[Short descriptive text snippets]
___
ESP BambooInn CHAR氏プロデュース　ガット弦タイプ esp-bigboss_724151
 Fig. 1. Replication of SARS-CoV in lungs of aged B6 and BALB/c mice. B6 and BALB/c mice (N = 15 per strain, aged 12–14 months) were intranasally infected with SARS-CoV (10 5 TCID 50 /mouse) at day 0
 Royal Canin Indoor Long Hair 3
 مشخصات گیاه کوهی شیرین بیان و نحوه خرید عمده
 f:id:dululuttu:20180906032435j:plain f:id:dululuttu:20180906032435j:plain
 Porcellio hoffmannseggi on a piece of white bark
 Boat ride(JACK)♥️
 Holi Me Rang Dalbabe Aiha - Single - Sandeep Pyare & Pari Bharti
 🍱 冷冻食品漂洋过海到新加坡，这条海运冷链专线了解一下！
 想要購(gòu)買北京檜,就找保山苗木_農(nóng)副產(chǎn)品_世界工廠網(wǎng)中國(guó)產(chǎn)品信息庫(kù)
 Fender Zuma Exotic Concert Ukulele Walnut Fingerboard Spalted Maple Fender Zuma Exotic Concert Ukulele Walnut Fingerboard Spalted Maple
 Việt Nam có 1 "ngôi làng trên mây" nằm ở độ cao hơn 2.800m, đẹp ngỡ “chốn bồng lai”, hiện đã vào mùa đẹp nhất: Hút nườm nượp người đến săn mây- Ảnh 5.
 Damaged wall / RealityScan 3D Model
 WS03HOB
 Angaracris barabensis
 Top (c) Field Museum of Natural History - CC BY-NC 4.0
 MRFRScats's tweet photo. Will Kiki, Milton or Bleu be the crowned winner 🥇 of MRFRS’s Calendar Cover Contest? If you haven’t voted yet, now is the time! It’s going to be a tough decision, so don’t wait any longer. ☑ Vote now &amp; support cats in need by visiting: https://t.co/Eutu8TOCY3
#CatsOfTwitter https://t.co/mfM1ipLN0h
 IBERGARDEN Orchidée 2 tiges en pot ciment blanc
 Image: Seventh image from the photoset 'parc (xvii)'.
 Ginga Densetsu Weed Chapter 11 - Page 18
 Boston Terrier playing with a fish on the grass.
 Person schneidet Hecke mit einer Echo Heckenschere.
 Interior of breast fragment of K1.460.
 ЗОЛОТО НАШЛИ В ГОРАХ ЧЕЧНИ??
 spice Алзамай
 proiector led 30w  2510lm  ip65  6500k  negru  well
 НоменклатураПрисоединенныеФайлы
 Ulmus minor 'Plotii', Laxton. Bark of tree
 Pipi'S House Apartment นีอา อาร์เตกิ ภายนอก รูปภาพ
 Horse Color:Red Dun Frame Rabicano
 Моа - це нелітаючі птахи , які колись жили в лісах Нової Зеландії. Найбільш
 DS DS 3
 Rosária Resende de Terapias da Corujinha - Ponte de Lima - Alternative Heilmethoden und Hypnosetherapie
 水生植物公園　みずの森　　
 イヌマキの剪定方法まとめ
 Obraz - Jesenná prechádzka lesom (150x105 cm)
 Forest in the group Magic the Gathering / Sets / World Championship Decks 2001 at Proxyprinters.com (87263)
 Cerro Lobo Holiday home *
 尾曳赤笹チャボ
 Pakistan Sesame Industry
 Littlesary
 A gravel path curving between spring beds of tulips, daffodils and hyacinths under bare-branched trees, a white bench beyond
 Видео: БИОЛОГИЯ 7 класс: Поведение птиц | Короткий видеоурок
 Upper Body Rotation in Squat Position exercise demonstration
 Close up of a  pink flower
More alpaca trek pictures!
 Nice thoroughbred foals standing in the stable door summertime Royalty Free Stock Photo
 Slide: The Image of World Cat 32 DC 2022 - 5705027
___
Exactly as written above, copy out all the records.

§ Answer to this problem
ESP BambooInn CHAR氏プロデュース　ガット弦タイプ esp-bigboss_724151
 Fig. 1. Replication of SARS-CoV in lungs of aged B6 and BALB/c mice. B6 and BALB/c mice (N = 15 per strain, aged 12–14 months) were intranasally infected with SARS-CoV (10 5 TCID 50 /mouse) at day 0
 Royal Canin Indoor Long Hair 3
 مشخصات گیاه کوهی شیرین بیان و نحوه خرید عمده
 f:id:dululuttu:20180906032435j:plain f:id:dululuttu:20180906032435j:plain
 Porcellio hoffmannseggi on a piece of white bark
 Boat ride(JACK)♥️
 Holi Me Rang Dalbabe Aiha - Single - Sandeep Pyare & Pari Bharti
 🍱 冷冻食品漂洋过海到新加坡，这条海运冷链专线了解一下！
 想要購(gòu)買北京檜,就找保山苗木_農(nóng)副產(chǎn)品_世界工廠網(wǎng)中國(guó)產(chǎn)品信息庫(kù)
 Fender Zuma Exotic Concert Ukulele Walnut Fingerboard Spalted Maple Fender Zuma Exotic Concert Ukulele Walnut Fingerboard Spalted Maple
 Việt Nam có 1 "ngôi làng trên mây" nằm ở độ cao hơn 2.800m, đẹp ngỡ “chốn bồng lai”, hiện đã vào mùa đẹp nhất: Hút nườm nượp người đến săn mây- Ảnh 5.
 Damaged wall / RealityScan 3D Model
 WS03HOB
 Angaracris barabensis
 Top (c) Field Museum of Natural History - CC BY-NC 4.0
 MRFRScats's tweet photo. Will Kiki, Milton or Bleu be the crowned winner 🥇 of MRFRS’s Calendar Cover Contest? If you haven’t voted yet, now is the time! It’s going to be a tough decision, so don’t wait any longer. ☑ Vote now &amp; support cats in need by visiting: https://t.co/Eutu8TOCY3
#CatsOfTwitter https://t.co/mfM1ipLN0h
 IBERGARDEN Orchidée 2 tiges en pot ciment blanc
 Image: Seventh image from the photoset 'parc (xvii)'.
 Ginga Densetsu Weed Chapter 11 - Page 18
 Boston Terrier playing with a fish on the grass.
 Person schneidet Hecke mit einer Echo Heckenschere.
 Interior of breast fragment of K1.460.
 ЗОЛОТО НАШЛИ В ГОРАХ ЧЕЧНИ??
 spice Алзамай
 proiector led 30w  2510lm  ip65  6500k  negru  well
 НоменклатураПрисоединенныеФайлы
 Ulmus minor 'Plotii', Laxton. Bark of tree
 Pipi'S House Apartment นีอา อาร์เตกิ ภายนอก รูปภาพ
 Horse Color:Red Dun Frame Rabicano
 Моа - це нелітаючі птахи , які колись жили в лісах Нової Зеландії. Найбільш
 DS DS 3
 Rosária Resende de Terapias da Corujinha - Ponte de Lima - Alternative Heilmethoden und Hypnosetherapie
 水生植物公園　みずの森　　
 イヌマキの剪定方法まとめ
 Obraz - Jesenná prechádzka lesom (150x105 cm)
 Forest in the group Magic the Gathering / Sets / World Championship Decks 2001 at Proxyprinters.com (87263)
 Cerro Lobo Holiday home *
 尾曳赤笹チャボ
 Pakistan Sesame Industry
 Littlesary
 A gravel path curving between spring beds of tulips, daffodils and hyacinths under bare-branched trees, a white bench beyond
 Видео: БИОЛОГИЯ 7 класс: Поведение птиц | Короткий видеоурок
 Upper Body Rotation in Squat Position exercise demonstration
 Close up of a  pink flower
More alpaca trek pictures!
 Nice thoroughbred foals standing in the stable door summertime Royalty Free Stock Photo
 Slide: The Image of World Cat 32 DC 2022 - 5705027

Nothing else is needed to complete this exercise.